The witches and sorcerers of early times were a widely spread class who had retained the beliefs and traditions of heathenism with all its license and romance and charm of the forbidden. At their head were the Promethean Templars, at their tail all the ignorance and superstition of the time, and in their ranks every one who was oppressed or injured either by the nobility or the Church. They were treated with indescribable cruelty, in most cases worse than beasts of burden, for they were outraged in all their feelings, not at intervals for punishment, but habitually by custom, and they revenged themselves by secret orgies and fancied devil-worship, and occult ties, and stupendous sins, or what they fancied were such. I can seriously conceive—what no writer seems to have considered—that there must have been an immense satisfaction in selling or giving one’s self to the devil, or to any power which was at war with their oppressors. So they went by night, at the full moon, and sacrificed to Diana, or “later on” to Satan, and danced and rebelled. It is very well worth noting that we have all our accounts of sorcerers and heretics from Catholic priests, who had every earthly reason for misrepresenting them, and did so. In the vast amount of ancient witchcraft still surviving in Italy there is not much anti-Christianity, but a great deal of early heathenism. Diana, not Satan, is still the real head of the witches. The Italian witch, as the priest Grillandus said,
stole oil to make a love-charm. [269] But she did not, and does not say, as he declared, in doing so, “I renounce Christ.” There the priest plainly lied. The whole history of the witch mania is an ecclesiastical falsehood, in which such lies were subtly grafted on the truth. But in due time the Church, and the Protestants with them, created a Satanic witchcraft of their own, and it is this after-growth which is now regarded as witchcraft in truth.
Cain-worshippers and witches seem to have been all in the same boat. I think it very likely that in these two traditions which I have given we have a remnant of the actual literature of the Cainites, that Gnostic-revived and mystical sect of the Middle Ages. But I doubt not that its true origin is far older than Christianity, and lost in earliest time.

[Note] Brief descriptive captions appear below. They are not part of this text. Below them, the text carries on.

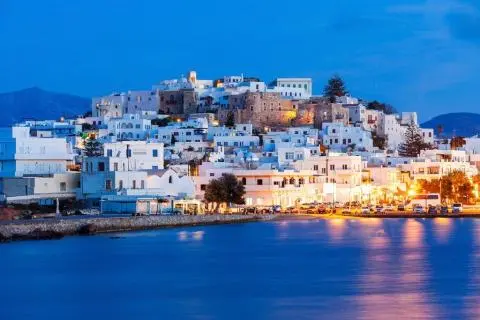 Seaside town at dusk with white buildings and lit waterfront reflecting on calm water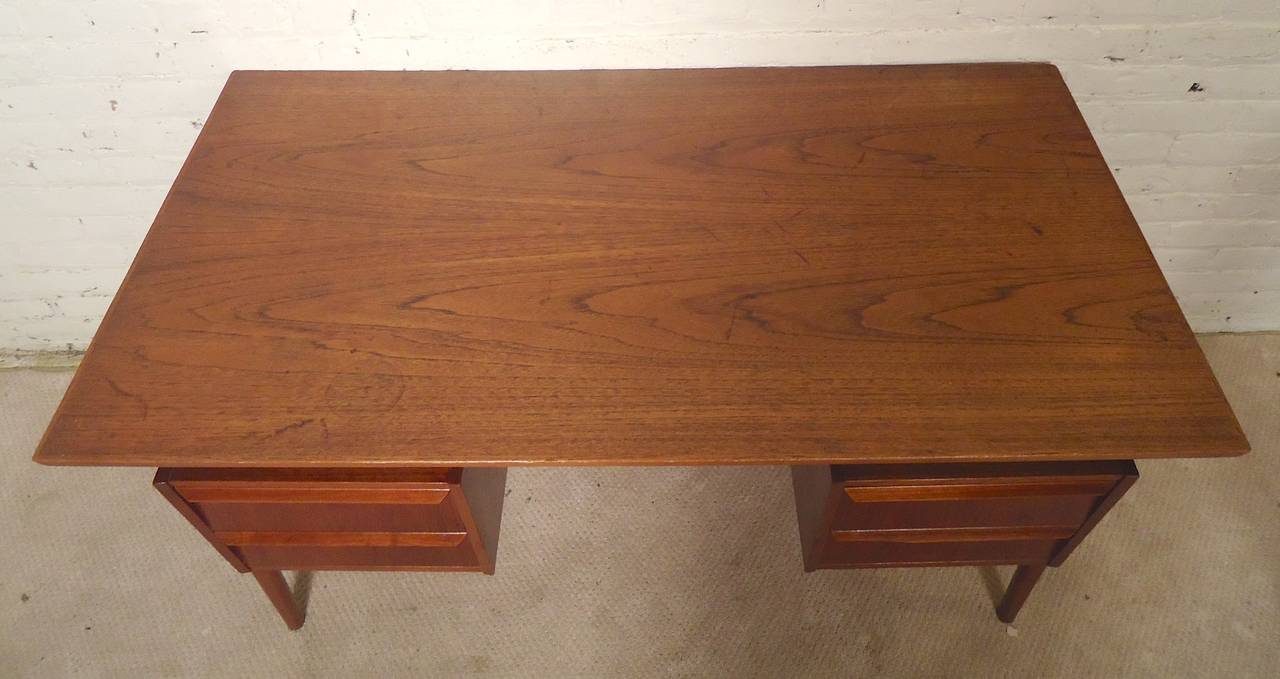 Midcentury writing desk filled with angles! Floating top design, slanted drawers with sculpted handles, tapered legs, finished with an angled back. Four drawers, two back cubbies and drop down cabinet. A highly designed, well made piece.
Key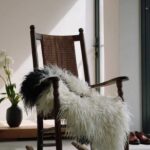 Sheepskins - What are people using them for? Cozy rocking chair with sheepskin blanket.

One last remark. We are told in the tale that Abel, having become rich, “cut” the Lord, or would speak to him no longer. I suppose that he dropped the synagogue and Yom kippur, and became a Reformirter, and his children in due time Goyim. Also that he wanted to become a wizard, which may be a hint that he was “no conjuror.” But it is seriously a proof of the naïveté, and consequent probable antiquity of the tale, that these details are not “wrote sarcastic,” nor intended for humour. And it is also interesting to observe how impartially the narrator declares that Cain was “a good man,” and how he, in pleading his own cause before the Lord, insists that in killing Abel he only inadvertently forgot himself for an instant. One almost expects to hear him promise that he will not do it again.